• Aim of the task: Your reply must contain the lines from the one with "Škoda Karoq 1,5" through the last line of the material, exact and complete, with no pictures and no other text.

• Recorded data:
******************************

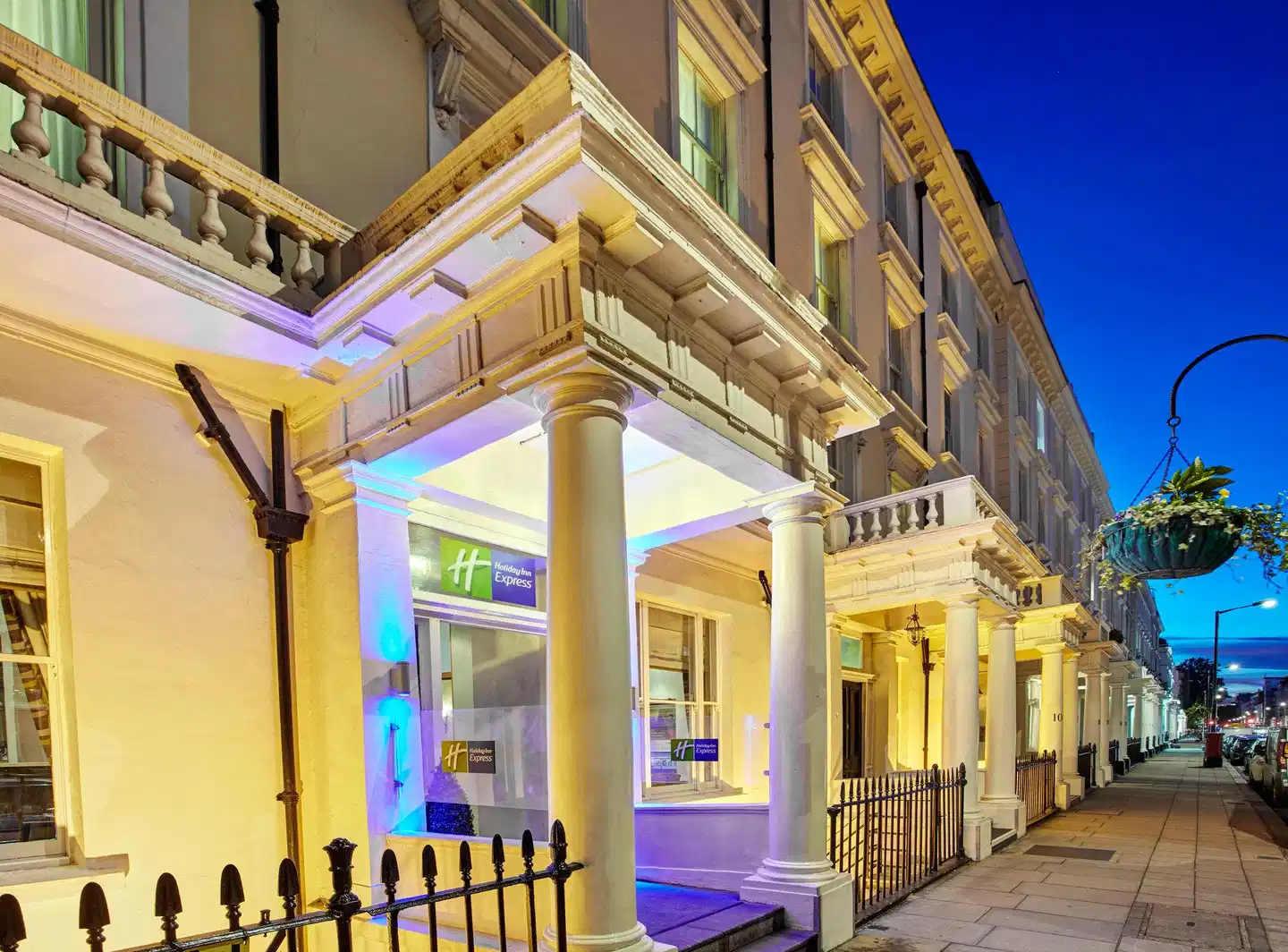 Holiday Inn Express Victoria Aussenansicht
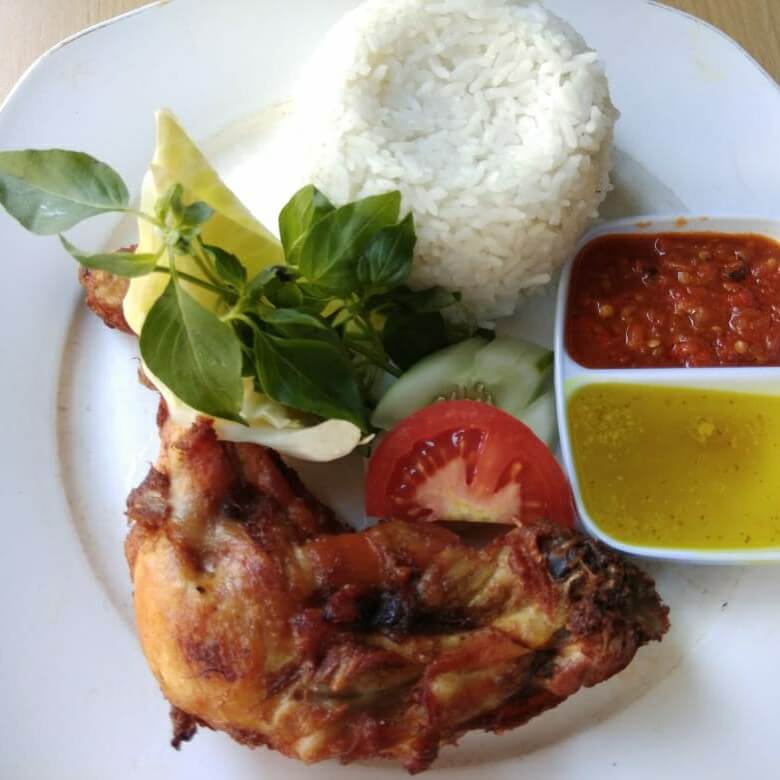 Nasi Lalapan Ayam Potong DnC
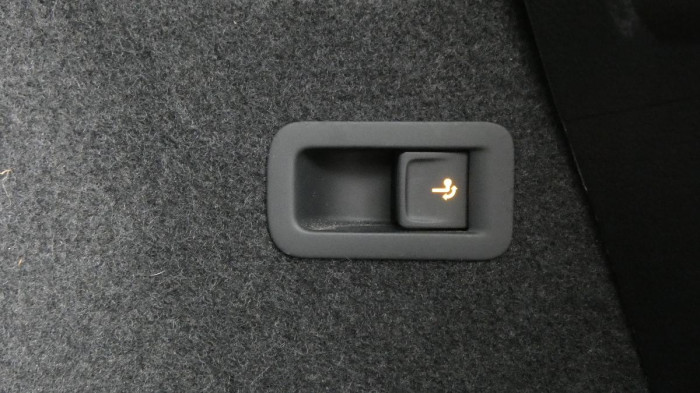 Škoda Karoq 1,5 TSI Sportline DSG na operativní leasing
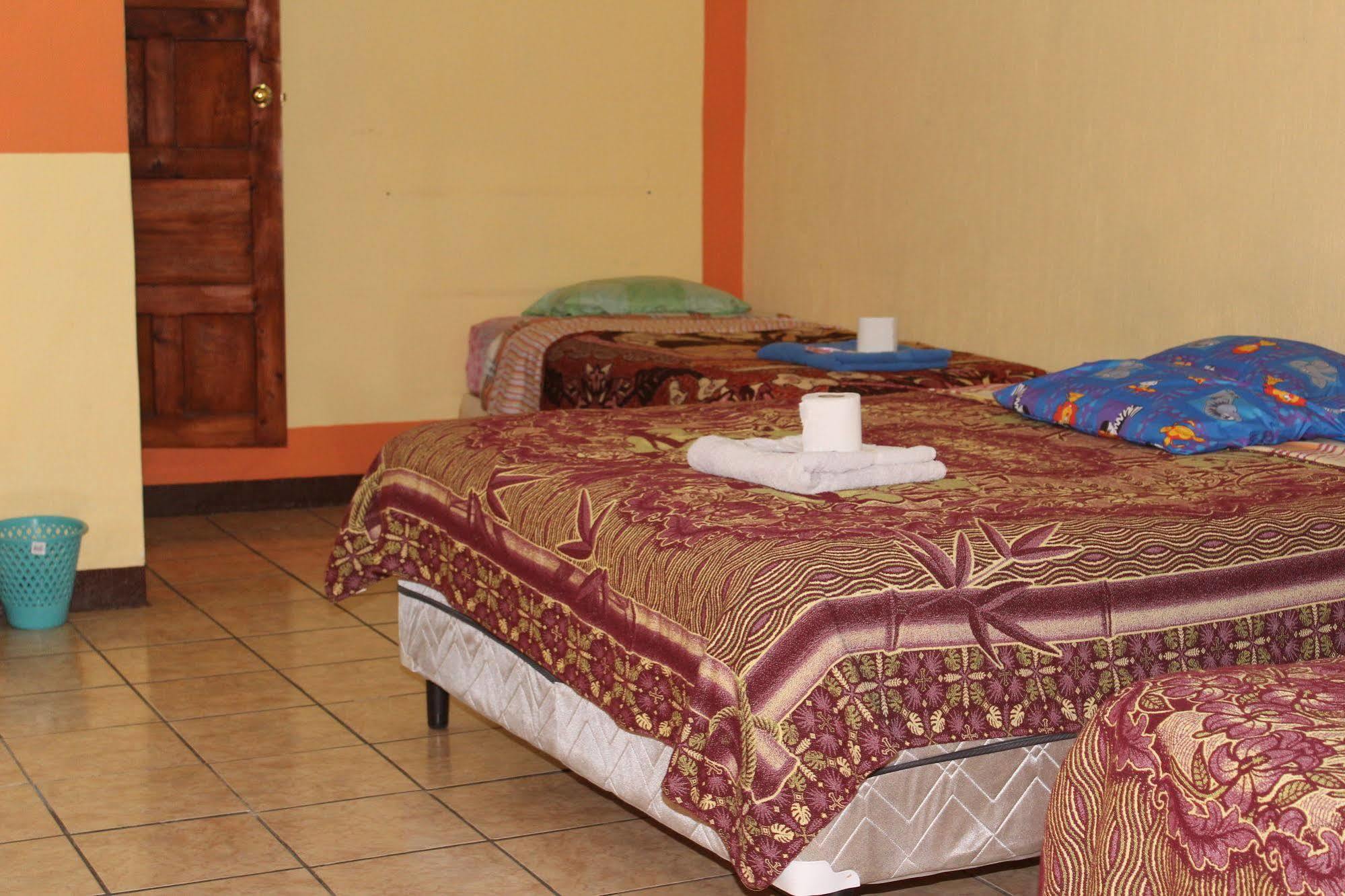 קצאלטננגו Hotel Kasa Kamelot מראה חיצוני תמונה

******************************

• Response to this task:
 Škoda Karoq 1,5 TSI Sportline DSG na operativní leasing
 קצאלטננגו Hotel Kasa Kamelot מראה חיצוני תמונה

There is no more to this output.